I self-designed six classes while at Lawrence, five of which supported this project my senior year. From Performance Art History (Elizabeth Carlson), Feminism and Music (Julie McQuinn), Arts Administration (Dean Pertl), and Modern Performance Practice (Copeland Woodruff and Margaret Paek), ideas emerged. In truth, I struggled and rebelled quite a bit at Lawrence. I was frustrated with the conservative limitations of classical music, traditional politics, and lack of artistic agency. But, the bottom line is that, with determination, I found the support and resources I needed at Lawrence and ultimately forged my own path.
We also feel unseen because there are no images alive to reflect out wholeness and variety. But where shall we look for symbols to suggest the full mystery and potency of the feminine and to provide images as models for personal life?...Inana-Ereshkigal, Kali, Isis...So I look always for the darker power hidden in their stores—the gorgon aspect of Athena, the underworld Aphrodite, Urania, the Black Demeter...” - Syliva Perera
The name Lilith signifies subversion, the fierce feminine, embodiment, and self-determination.
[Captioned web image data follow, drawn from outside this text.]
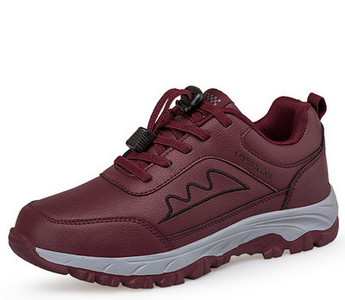 Model nou de adidasi pentru barbati din imitatie de piele - mai multe modele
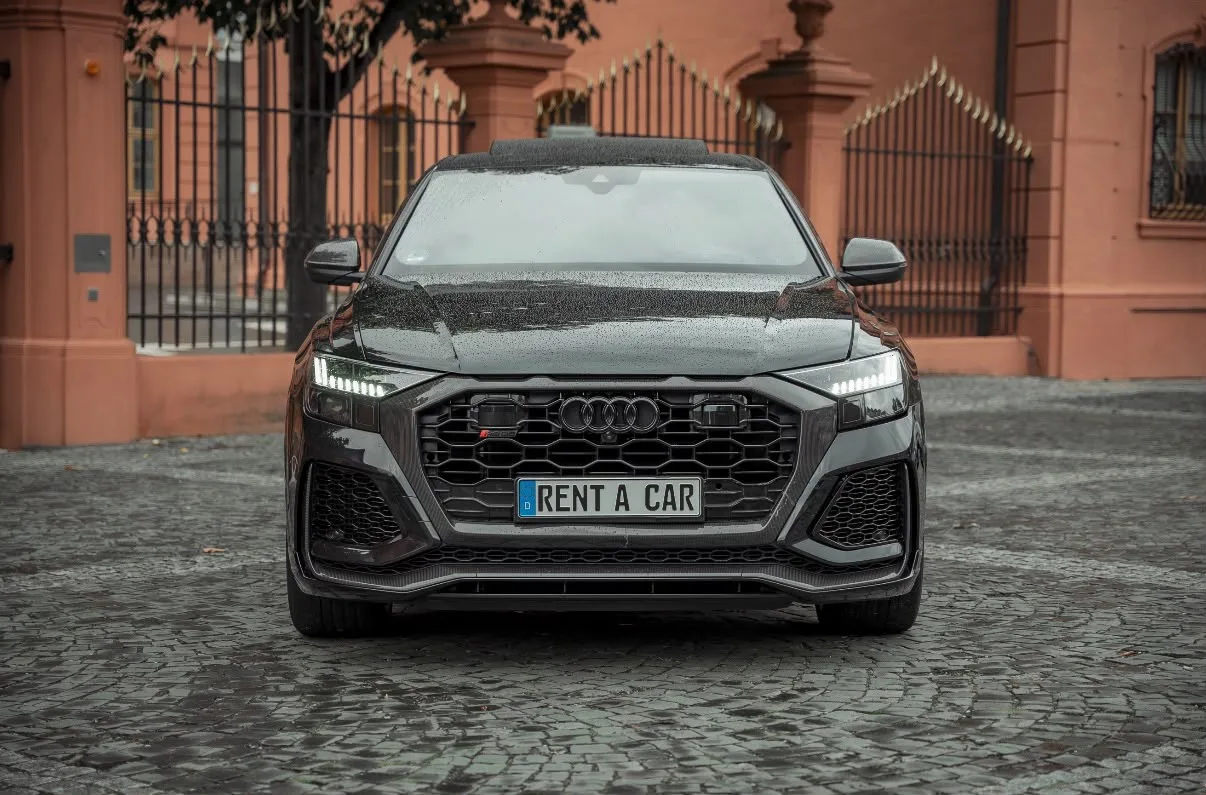 Audi RSQ8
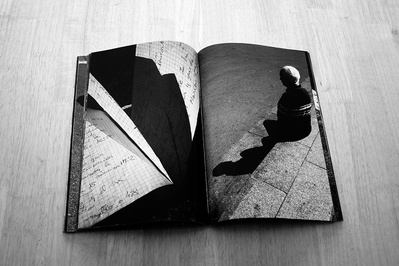 Doble página del libro ocho puntas de David Salcedo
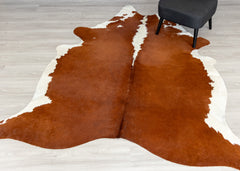 Hereford Brown And White Cowhide Rug (Size: 240 x 200 CM)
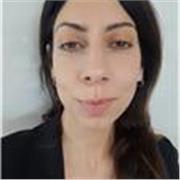 Profesora graduada con más de 15 años de experiencia en clases de inglés a adolescentes y adultos.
The name, derived from Kiki Smith’s sculpture of the goddess, prompted my interest in the Hebrew Bible myth and immediately appealed to my all-male bandmates, who engaged in our rehearsals with earnest support and curiosity. There was no distinction between theory and practice: our rehearsals invariably became discussions around gender and music and Susan McClary’s theories while we debated gender essentialism...When I told the group that JP Merz (“the be able to be not”) and I wanted to stage his piece using flashlights as a metaphor for the male gaze or that I envisioned Brad Well’s piece (“There are days like this…”) with me singing into mirrors as all four of them stared me down, they were all in. It was and is a marvelous thing to have a conversation about gender with such multiplicity of personal perspectives and, above all, mutual respect and listening.
Tech Week was an insane feat of scheduling between band members, stage managers, video artists, stagehands, and sound engineers, with rehearsals lasting late into the night. When performance day came, I felt the calm of nothingness: the process was much more for us; the performance, some uncontrollable thing. It wasn’t our best run—I was a bit nervous with the choreography, we missed a few lighting cues—but we moved people.
The summer after graduation, Lilith recorded our studio album at Lawrence. Once mastered, we shopped the record around to contemporary classical labels. This took many months, and the wait felt futile—in fact, we were told by quite a few well-meaning mentors that it was futile. During that long period of waiting, I felt impatient and jaded, increasingly needing closure on the project I’d devoted my life to for two years.
Fortunately, Kyle and Dan discouraged me from throwing in the towel by self-releasing on Bandcamp and, after much strategic email-pitching and pestering, we secured a contract with National Sawdust Tracks, of the Contemporary Classical “it” venue National Sawdust in Brooklyn. As recent college graduates, we joined the ranks of Helga Davis, Roomful of Teeth, and John Luther Adams.
With National Sawdust, we got assistance with public relations, remastered the album, and commissioned album artwork—a job which, after a few hired attempts, I ended up taking on myself, with Photoshop editing help from friends Laura Udelson and Sky Speir. I revamped our website. We released our album March 2, 2018.
I am not someone who feels unabated musical passion: at times, the compulsion to create feels infuriating. It’s my restlessness. I am self-critical. It can be terribly burdensome to create at all, vision always ahead of my ability. But Lilith reminds me that music is about much more than the product: that the process is a vehicle for meditation, for discipline and self-betterment, for conversation and community, and practicing the art of listening.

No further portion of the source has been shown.